Mach-Hommy n'a pas toujours couru après le succès. A l'instar d'autres héros underground, il a longtemps évité les médias, il ne révèle rien de sa véritable identité et il ne se montre que masqué, le visage dissimulé derrière un bandana aux couleurs d'Haïti. Ses paroles, elles aussi, sont opaques, mêlées qu'elles sont au créole de son pays d'origine, et son auteur refuse de les diffuser par écrit. Nul ne doit s'en faire l'exégète sur le site Genius auquel, avec Your Old Droog, il a demandé de retirer ses textes. C'est à tout un chacun de décrypter ses mots obtus, d'après son propre ressenti, selon sa propre interprétation. Par ailleurs, c'est à des prix exorbitants que Mach-Hommy a parfois diffusé sa musique. Et puis surtout, il a quitté Griselda Records dès après l'album des débuts, le culte H.B.O, en 2016, avant même que le label de Buffalo ne se fasse connaître auprès du plus grand nombre, à travers ses nouveaux contrats de distribution.

MACH-HOMMY - Pray For Haiti

Mais en 2021, la donne a changé. Mach-Hommy est revenu chez Griselda et il s'est réconcilié avec Westside Gunn, lequel l'a secondé sur Pray for Haiti. Il est en effet le producteur exécutif de cet album, et il y intervient à trois reprises, apportant avec son rap criard, ses onomatopées et sa voix de gamin énervé, un complément au style posé du principal protagoniste. Tel est le cas sur le très bon "Folie à Deux", par exemple, en fait une folie à trois, puisqu'aux deux hommes s'adjoint Keisha Plum, pour un moment de spoken word. Si Mach-Hommy se suffit à lui-même, avec sa voix qui serpente sans effort d'une diction basse et grommelée à une autre, plus tonnante, puis à quelques chants ici et là, il bénéficie néanmoins de l'assistance de quelques autres, certains très attendus comme son vieil acolyte du Dump Gawd, Tha God Fahim, et d'autres moins comme la chanteuse (non créditée) Melanie Charles, d'origine haïtienne comme lui. Côté sons, aussi, avec le renfort de Camoflauge Monk et de Conductor Williams, entre autres, Pray for Haiti tire le meilleur profit de la formule Griselda avec son boom bap sans "boom" ni "bap", avec son jazz bancal, sa soul malsaine ou d'habiles jeux de percussions, comme sur cet admirable "Ten Boxes - Sin Eater" final produit par Denny LaFlare.
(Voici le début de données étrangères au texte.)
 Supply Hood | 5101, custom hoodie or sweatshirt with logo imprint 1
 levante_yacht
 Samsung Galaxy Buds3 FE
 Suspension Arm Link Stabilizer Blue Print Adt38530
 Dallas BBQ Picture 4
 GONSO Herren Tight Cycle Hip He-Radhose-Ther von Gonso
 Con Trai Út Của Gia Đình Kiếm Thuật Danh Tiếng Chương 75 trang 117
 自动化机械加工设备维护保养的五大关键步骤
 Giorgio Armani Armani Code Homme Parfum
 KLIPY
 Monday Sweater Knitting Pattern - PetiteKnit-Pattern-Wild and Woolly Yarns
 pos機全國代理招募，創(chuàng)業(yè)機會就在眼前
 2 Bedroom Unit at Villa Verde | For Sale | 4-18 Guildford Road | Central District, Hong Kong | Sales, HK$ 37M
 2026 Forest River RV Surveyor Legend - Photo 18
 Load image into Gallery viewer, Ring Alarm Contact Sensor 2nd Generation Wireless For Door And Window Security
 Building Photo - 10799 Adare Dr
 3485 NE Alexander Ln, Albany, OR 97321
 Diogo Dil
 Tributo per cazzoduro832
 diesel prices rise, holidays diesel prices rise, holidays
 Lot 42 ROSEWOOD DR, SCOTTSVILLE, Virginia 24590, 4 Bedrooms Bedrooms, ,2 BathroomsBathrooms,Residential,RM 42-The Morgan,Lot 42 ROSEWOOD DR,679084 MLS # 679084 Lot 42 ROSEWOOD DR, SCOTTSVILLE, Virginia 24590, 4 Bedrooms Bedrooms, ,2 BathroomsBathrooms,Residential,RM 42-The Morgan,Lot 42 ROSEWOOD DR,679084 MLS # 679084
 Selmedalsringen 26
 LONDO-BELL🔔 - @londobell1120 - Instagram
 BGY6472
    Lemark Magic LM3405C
Fort du retour chez Griselda, cet album est devenu plus visible que les précédents, plus accessible aussi, toutes proportions gardées. Et il est l'un des plus célébrés de l'année 2021, tout comme son récent successeur Balès Cho. Sur le tard, il reçoit l'accueil qui aurait dû être réservé à H.B.O, et il donne raison aux vers suivants, lancés par le rappeur de Newark dès le premier titre, "The 26th Letter" : "Mach-Hommy est une icône, fin de citation, ce sera l'année où j'aurai mon trench-coat en python". Cependant, le rappeur ne pense pas qu'à lui. Au cœur de son propos, figure encore Haïti. Mach-Hommy nous invite à prier pour ce pays éternellement martyr, dont le dernier malheur aura été, avant la parution de l'album, le meurtre de son président. Il a prévu de verser 20% des ventes à un fonds destiné à subventionner des cours d'informatique sur l'île, et l'interlude "Kreyol" exalte la richesse de la langue du même nom.

C'est donc de son milieu, celui des enfants de ce pays, que Mach-Hommy traite sur des titres tels que "The Stellar Ray Theory", quand il joue de métaphores climatiques pour parler de résilience ("la pluie a tombé, nous pas mouillés", y chante-t-il). C'est de son expérience, celle par exemple de la disette évoquée sur "Kriminel". C'est des siens, comme quand, à travers sa mère, il rend un hommage à toutes les femmes noires sur "Marie". Sur cet "Au Revoir", produit par la légende de la mixtape DJ Green Lantern, un autre sommet de l'album, le rappeur déclare vouloir "faire en sorte que tout le monde et leurs mamans entendent parler de Mach-Hommy". Mais à en croire le ton morne avec lequel il dit cela, la soif de succès n'est pas le vrai moteur de cette entreprise. Mach-Hommy a d'autres missions, il a bien d'autres choses à faire entendre.